▶ EXERCISE
Wherever pictures occur in the entries below, leave them out and retype the rest exactly.

▶ DATA PROVIDED
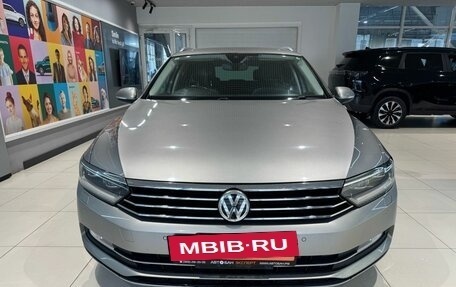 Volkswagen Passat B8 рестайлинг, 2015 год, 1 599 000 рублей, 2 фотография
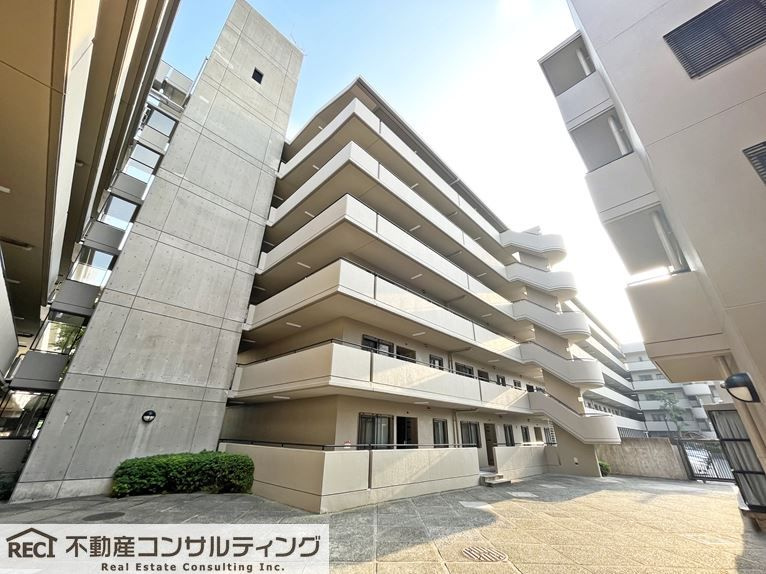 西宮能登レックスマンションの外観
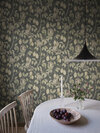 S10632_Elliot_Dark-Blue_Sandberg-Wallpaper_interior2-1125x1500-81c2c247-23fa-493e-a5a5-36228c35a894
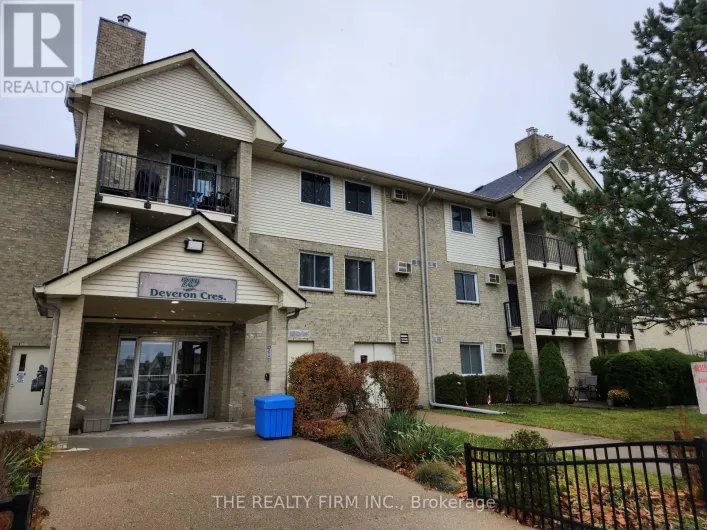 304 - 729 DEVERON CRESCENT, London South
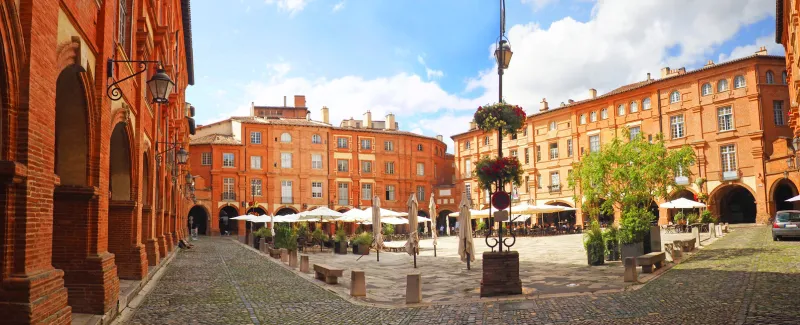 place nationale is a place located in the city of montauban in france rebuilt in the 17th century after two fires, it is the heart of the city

▶ COMPLETED EXERCISE
 Volkswagen Passat B8 рестайлинг, 2015 год, 1 599 000 рублей, 2 фотография
 西宮能登レックスマンションの外観
 S10632_Elliot_Dark-Blue_Sandberg-Wallpaper_interior2-1125x1500-81c2c247-23fa-493e-a5a5-36228c35a894
 304 - 729 DEVERON CRESCENT, London South
 place nationale is a place located in the city of montauban in france rebuilt in the 17th century after two fires, it is the heart of the city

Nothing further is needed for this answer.